───── Supplied entries
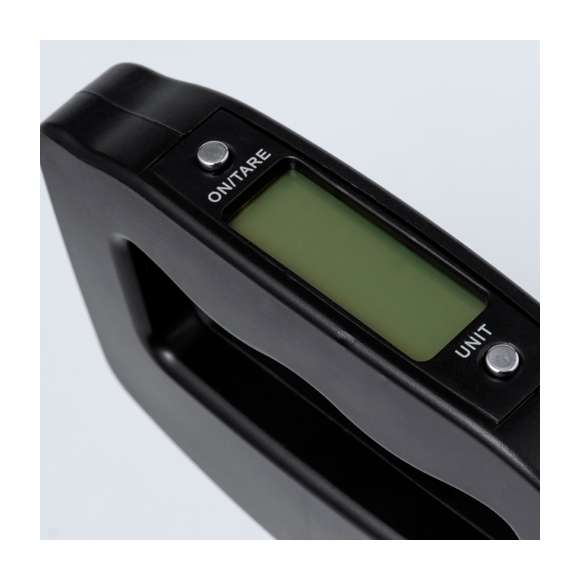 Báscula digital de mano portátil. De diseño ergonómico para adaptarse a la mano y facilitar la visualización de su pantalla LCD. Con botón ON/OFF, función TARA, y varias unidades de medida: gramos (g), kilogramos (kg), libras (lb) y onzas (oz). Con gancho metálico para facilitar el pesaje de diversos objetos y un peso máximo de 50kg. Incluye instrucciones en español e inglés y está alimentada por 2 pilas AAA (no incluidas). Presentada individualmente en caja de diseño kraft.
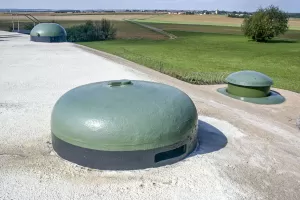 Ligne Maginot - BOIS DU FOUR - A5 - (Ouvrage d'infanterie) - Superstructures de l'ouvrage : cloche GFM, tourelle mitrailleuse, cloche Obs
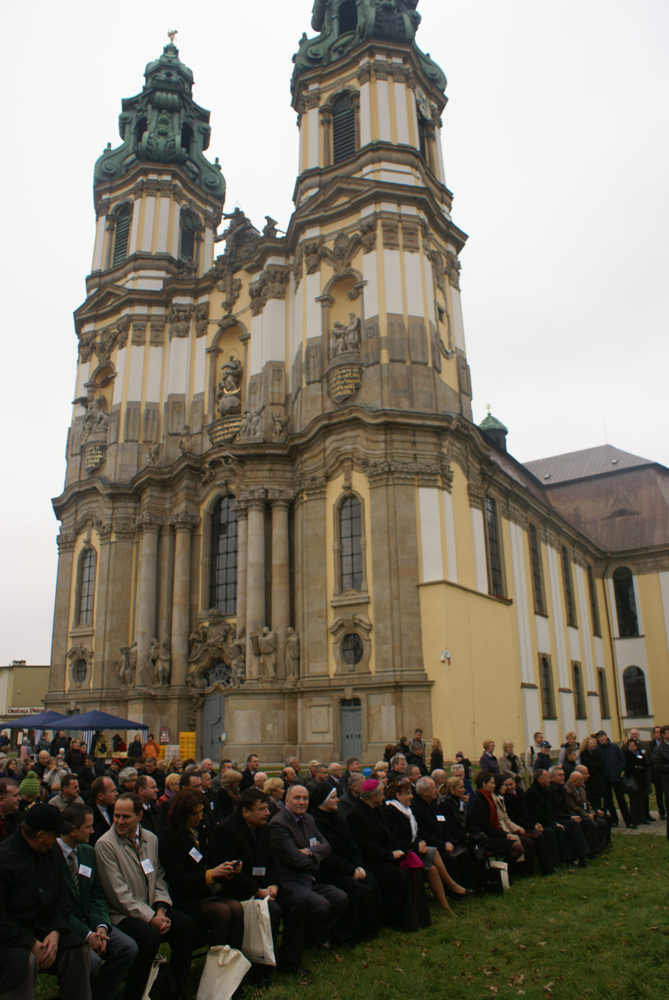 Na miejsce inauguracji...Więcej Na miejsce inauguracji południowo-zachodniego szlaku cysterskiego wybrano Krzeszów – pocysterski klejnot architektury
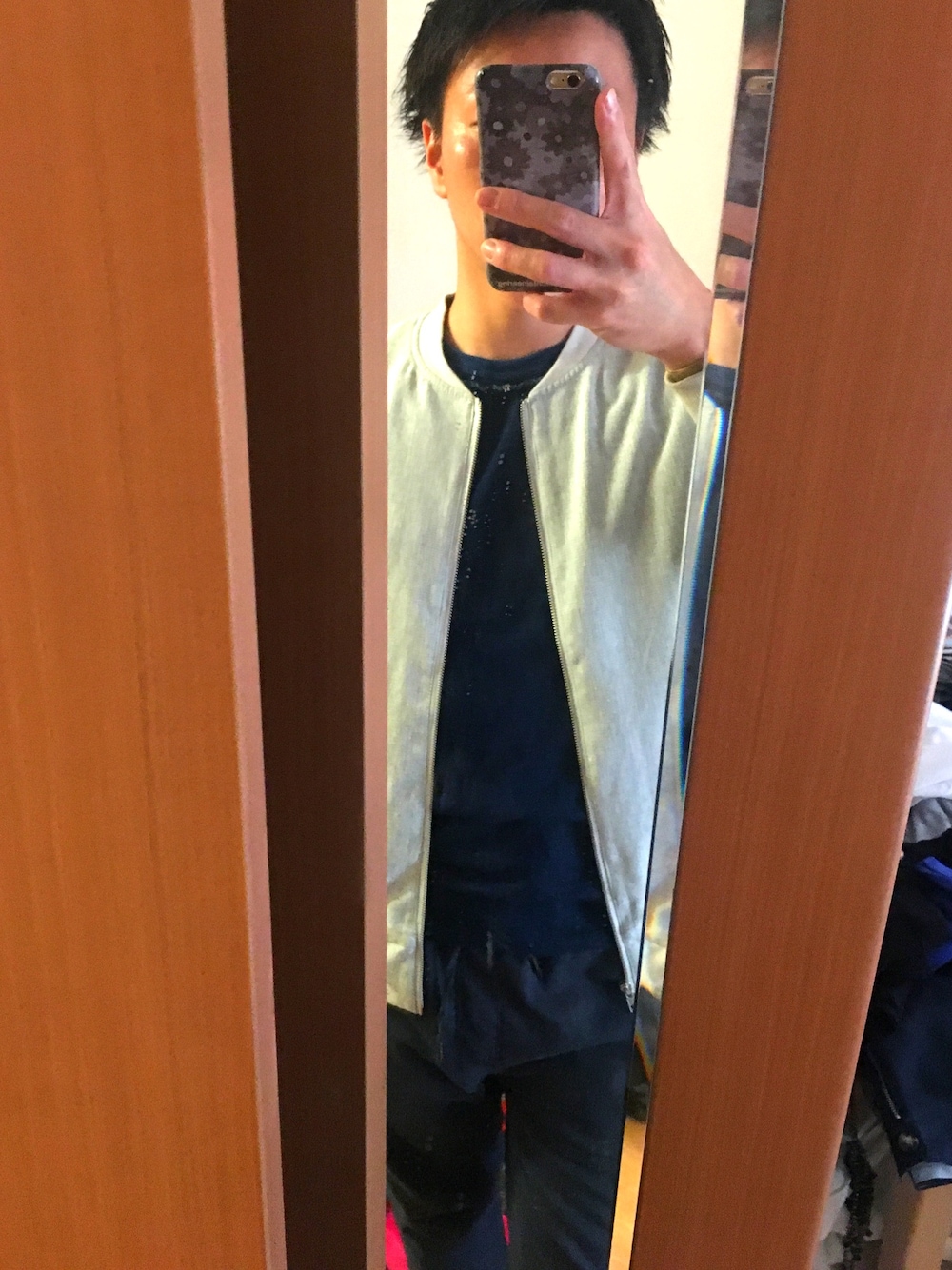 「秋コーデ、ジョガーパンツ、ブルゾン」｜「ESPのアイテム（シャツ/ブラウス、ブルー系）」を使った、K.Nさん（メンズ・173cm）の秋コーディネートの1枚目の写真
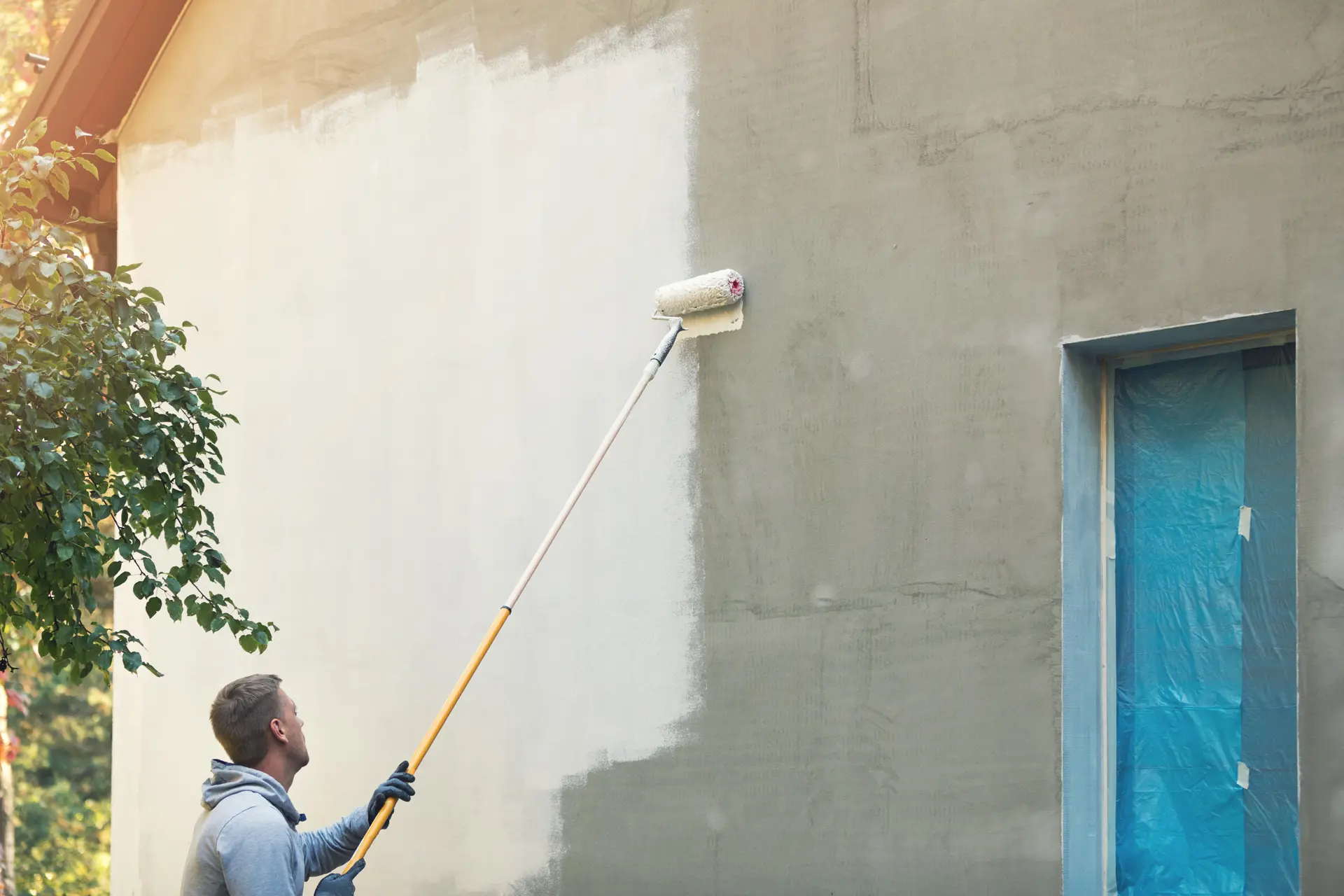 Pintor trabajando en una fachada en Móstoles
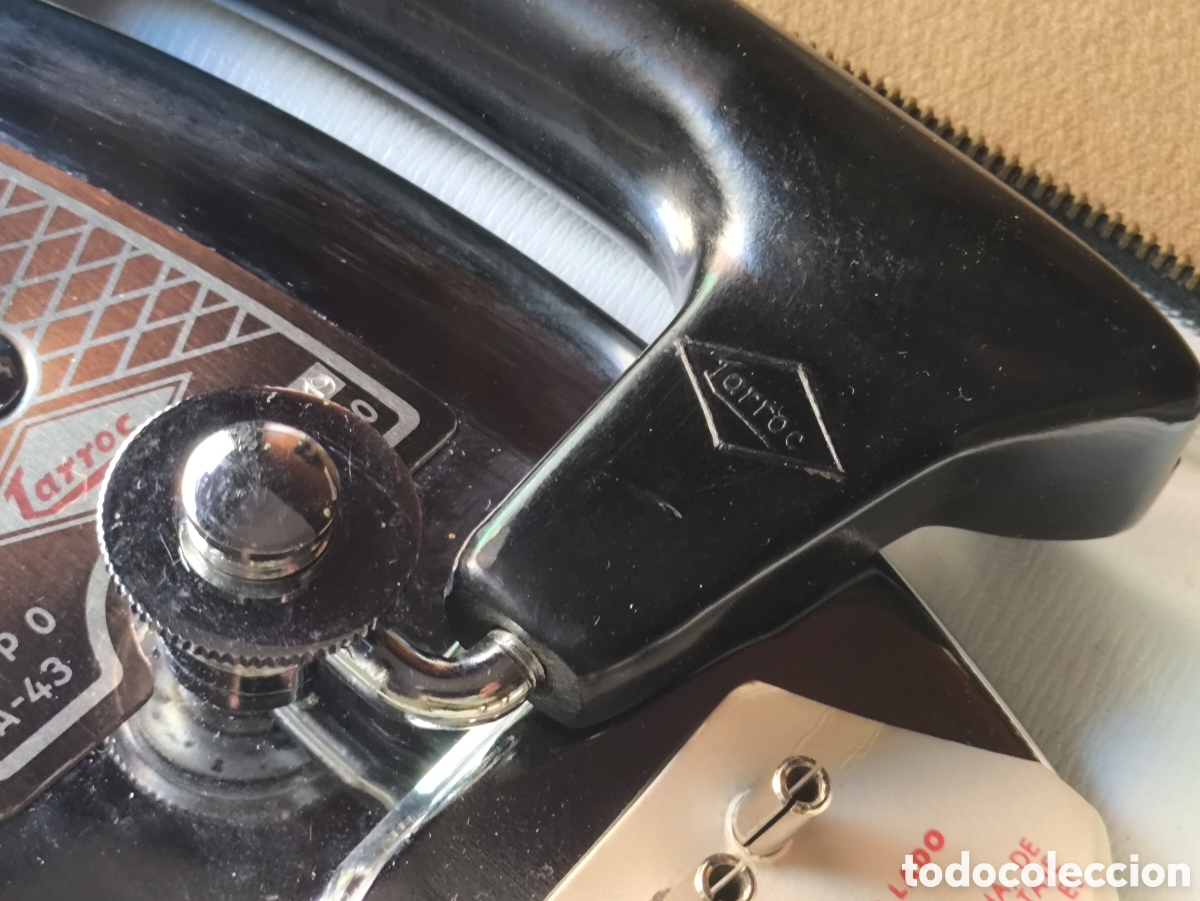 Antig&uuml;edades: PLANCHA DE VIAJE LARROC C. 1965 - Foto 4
──────────
* **Exercise goal**
Give back the whole listing exactly as it stands. Drop every picture.

* **Your solution**
 Báscula digital de mano portátil. De diseño ergonómico para adaptarse a la mano y facilitar la visualización de su pantalla LCD. Con botón ON/OFF, función TARA, y varias unidades de medida: gramos (g), kilogramos (kg), libras (lb) y onzas (oz). Con gancho metálico para facilitar el pesaje de diversos objetos y un peso máximo de 50kg. Incluye instrucciones en español e inglés y está alimentada por 2 pilas AAA (no incluidas). Presentada individualmente en caja de diseño kraft.
 Ligne Maginot - BOIS DU FOUR - A5 - (Ouvrage d'infanterie) - Superstructures de l'ouvrage : cloche GFM, tourelle mitrailleuse, cloche Obs
 Na miejsce inauguracji...Więcej Na miejsce inauguracji południowo-zachodniego szlaku cysterskiego wybrano Krzeszów – pocysterski klejnot architektury
 「秋コーデ、ジョガーパンツ、ブルゾン」｜「ESPのアイテム（シャツ/ブラウス、ブルー系）」を使った、K.Nさん（メンズ・173cm）の秋コーディネートの1枚目の写真
 Pintor trabajando en una fachada en Móstoles
 Antig&uuml;edades: PLANCHA DE VIAJE LARROC C. 1965 - Foto 4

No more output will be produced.